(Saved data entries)
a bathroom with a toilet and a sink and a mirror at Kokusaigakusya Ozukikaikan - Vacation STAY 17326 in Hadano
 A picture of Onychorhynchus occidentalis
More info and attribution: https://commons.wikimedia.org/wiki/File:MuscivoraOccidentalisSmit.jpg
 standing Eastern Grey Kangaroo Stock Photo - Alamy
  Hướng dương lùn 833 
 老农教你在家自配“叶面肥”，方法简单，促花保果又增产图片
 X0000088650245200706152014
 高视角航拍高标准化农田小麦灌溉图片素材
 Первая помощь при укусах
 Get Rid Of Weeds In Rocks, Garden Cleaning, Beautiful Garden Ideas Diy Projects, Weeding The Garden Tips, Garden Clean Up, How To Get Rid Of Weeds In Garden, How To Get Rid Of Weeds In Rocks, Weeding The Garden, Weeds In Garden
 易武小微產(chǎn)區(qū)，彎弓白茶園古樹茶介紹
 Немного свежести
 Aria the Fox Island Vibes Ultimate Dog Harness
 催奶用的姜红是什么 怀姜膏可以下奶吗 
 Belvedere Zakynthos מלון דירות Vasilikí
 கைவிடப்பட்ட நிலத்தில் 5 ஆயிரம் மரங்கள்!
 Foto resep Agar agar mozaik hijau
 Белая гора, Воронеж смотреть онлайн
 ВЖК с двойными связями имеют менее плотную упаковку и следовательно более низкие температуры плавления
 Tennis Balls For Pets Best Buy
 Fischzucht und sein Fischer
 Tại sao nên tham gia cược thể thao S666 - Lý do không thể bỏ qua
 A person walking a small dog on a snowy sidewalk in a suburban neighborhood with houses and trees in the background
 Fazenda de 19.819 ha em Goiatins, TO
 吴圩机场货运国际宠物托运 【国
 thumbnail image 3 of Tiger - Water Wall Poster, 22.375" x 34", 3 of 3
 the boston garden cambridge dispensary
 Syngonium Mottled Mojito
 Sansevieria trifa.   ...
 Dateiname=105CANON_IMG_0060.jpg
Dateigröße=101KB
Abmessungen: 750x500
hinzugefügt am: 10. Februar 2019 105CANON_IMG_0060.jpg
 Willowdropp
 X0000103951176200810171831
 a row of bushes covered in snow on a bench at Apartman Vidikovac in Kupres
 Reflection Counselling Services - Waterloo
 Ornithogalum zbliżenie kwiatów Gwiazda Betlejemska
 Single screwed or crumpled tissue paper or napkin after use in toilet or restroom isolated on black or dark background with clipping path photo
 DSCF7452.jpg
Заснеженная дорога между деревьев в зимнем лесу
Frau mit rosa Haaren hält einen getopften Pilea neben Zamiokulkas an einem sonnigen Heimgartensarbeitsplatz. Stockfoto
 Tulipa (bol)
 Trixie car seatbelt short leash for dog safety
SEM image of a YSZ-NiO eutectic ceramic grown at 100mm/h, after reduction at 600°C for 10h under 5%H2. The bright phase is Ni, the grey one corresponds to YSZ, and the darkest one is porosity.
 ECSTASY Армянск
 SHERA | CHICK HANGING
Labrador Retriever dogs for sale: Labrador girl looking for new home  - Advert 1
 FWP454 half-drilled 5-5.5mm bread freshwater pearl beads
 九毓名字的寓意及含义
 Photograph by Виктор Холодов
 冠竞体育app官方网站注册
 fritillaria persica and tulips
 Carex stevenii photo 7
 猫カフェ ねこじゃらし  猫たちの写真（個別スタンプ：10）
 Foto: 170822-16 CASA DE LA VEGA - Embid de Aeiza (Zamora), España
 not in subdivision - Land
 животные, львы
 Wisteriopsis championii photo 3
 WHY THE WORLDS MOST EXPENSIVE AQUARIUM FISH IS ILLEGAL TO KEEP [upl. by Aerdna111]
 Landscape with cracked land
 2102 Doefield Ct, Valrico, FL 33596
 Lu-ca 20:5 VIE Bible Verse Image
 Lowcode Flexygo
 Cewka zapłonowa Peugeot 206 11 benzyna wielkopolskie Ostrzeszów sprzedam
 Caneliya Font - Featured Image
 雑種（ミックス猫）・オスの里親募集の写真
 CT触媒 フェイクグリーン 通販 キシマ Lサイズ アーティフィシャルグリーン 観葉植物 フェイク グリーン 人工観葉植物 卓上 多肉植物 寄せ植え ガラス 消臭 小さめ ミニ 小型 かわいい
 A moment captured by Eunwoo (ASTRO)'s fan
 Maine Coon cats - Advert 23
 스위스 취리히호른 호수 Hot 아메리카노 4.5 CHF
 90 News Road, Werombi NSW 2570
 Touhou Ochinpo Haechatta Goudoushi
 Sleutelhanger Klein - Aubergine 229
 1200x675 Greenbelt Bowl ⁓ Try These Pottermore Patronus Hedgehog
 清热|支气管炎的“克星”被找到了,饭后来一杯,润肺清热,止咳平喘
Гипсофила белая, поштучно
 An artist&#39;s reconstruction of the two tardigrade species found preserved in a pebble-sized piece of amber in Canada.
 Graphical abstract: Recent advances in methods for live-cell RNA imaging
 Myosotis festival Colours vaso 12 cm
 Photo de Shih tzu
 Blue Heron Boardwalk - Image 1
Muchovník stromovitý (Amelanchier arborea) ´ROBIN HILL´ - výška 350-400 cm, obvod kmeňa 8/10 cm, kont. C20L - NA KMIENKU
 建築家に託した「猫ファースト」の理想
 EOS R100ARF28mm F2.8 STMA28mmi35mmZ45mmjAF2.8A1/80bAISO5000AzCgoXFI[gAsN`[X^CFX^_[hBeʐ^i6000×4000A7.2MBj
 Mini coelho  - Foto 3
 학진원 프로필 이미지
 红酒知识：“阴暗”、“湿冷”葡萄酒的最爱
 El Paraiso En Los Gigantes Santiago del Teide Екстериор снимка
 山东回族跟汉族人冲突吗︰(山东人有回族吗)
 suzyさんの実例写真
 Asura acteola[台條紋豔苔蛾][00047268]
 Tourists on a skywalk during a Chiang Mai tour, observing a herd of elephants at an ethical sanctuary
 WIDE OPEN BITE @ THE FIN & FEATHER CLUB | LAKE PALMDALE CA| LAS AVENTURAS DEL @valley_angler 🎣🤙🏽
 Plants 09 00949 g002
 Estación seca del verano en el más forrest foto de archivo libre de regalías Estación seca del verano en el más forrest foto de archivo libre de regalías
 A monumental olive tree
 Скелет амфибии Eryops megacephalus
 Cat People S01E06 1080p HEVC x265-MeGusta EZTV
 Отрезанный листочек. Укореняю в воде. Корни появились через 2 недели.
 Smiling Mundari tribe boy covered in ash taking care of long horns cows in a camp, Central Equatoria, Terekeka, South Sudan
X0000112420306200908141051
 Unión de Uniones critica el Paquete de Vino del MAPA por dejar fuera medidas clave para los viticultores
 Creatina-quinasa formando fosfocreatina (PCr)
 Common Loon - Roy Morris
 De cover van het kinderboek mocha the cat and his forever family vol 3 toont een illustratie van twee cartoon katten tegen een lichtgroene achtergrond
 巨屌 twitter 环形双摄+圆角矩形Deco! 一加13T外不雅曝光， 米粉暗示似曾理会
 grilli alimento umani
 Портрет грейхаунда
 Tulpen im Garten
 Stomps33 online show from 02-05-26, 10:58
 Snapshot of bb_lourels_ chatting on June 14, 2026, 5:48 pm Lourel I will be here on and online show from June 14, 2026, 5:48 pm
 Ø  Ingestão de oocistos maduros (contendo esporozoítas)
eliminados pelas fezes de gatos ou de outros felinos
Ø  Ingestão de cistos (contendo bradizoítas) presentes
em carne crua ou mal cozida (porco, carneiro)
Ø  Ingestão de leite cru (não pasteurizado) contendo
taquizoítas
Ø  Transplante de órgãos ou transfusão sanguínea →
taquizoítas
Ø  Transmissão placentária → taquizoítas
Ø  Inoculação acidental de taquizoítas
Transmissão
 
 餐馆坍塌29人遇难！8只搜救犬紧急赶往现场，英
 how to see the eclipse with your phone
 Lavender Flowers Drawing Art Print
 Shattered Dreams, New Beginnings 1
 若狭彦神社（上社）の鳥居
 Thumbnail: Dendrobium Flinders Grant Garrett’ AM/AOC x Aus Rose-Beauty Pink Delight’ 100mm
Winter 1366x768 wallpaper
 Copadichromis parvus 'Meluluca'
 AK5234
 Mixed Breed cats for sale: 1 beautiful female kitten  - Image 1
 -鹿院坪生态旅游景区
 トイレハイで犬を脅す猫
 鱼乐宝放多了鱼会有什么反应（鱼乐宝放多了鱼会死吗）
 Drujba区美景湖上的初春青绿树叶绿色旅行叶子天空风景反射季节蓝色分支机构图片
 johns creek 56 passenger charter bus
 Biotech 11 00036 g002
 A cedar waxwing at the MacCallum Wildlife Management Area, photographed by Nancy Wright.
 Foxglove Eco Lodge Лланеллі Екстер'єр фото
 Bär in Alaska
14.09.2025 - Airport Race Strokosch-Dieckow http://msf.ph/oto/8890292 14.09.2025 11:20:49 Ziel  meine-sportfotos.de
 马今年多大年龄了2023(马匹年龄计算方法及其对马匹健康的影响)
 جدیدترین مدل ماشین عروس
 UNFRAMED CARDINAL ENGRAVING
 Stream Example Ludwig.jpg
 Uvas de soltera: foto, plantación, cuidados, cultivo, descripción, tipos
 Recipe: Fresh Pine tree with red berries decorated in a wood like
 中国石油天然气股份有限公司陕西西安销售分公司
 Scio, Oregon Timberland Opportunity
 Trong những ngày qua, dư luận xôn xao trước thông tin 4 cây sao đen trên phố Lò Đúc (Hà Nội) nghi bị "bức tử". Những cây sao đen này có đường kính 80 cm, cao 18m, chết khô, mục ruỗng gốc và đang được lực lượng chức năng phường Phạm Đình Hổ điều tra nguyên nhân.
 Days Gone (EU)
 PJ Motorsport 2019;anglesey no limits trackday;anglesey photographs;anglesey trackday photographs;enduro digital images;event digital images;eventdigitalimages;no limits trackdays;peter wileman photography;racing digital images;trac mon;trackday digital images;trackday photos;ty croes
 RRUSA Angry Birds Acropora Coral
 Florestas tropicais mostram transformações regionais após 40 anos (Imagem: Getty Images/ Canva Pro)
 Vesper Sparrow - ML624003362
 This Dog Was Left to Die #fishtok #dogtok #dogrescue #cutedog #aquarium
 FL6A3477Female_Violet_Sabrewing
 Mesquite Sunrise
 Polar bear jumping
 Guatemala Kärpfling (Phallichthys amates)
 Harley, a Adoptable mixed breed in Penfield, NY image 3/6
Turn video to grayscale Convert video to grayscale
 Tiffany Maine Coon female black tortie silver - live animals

_EXERCISE DETAILS:_ Reproduce exactly the section above that begins at the line containing "Recipe: Fresh Pine" and ends at the line containing "Days Gone (EU)", leaving out all other lines.

_TASK SOLUTION:_
 Recipe: Fresh Pine tree with red berries decorated in a wood like
 中国石油天然气股份有限公司陕西西安销售分公司
 Scio, Oregon Timberland Opportunity
 Trong những ngày qua, dư luận xôn xao trước thông tin 4 cây sao đen trên phố Lò Đúc (Hà Nội) nghi bị "bức tử". Những cây sao đen này có đường kính 80 cm, cao 18m, chết khô, mục ruỗng gốc và đang được lực lượng chức năng phường Phạm Đình Hổ điều tra nguyên nhân.
 Days Gone (EU)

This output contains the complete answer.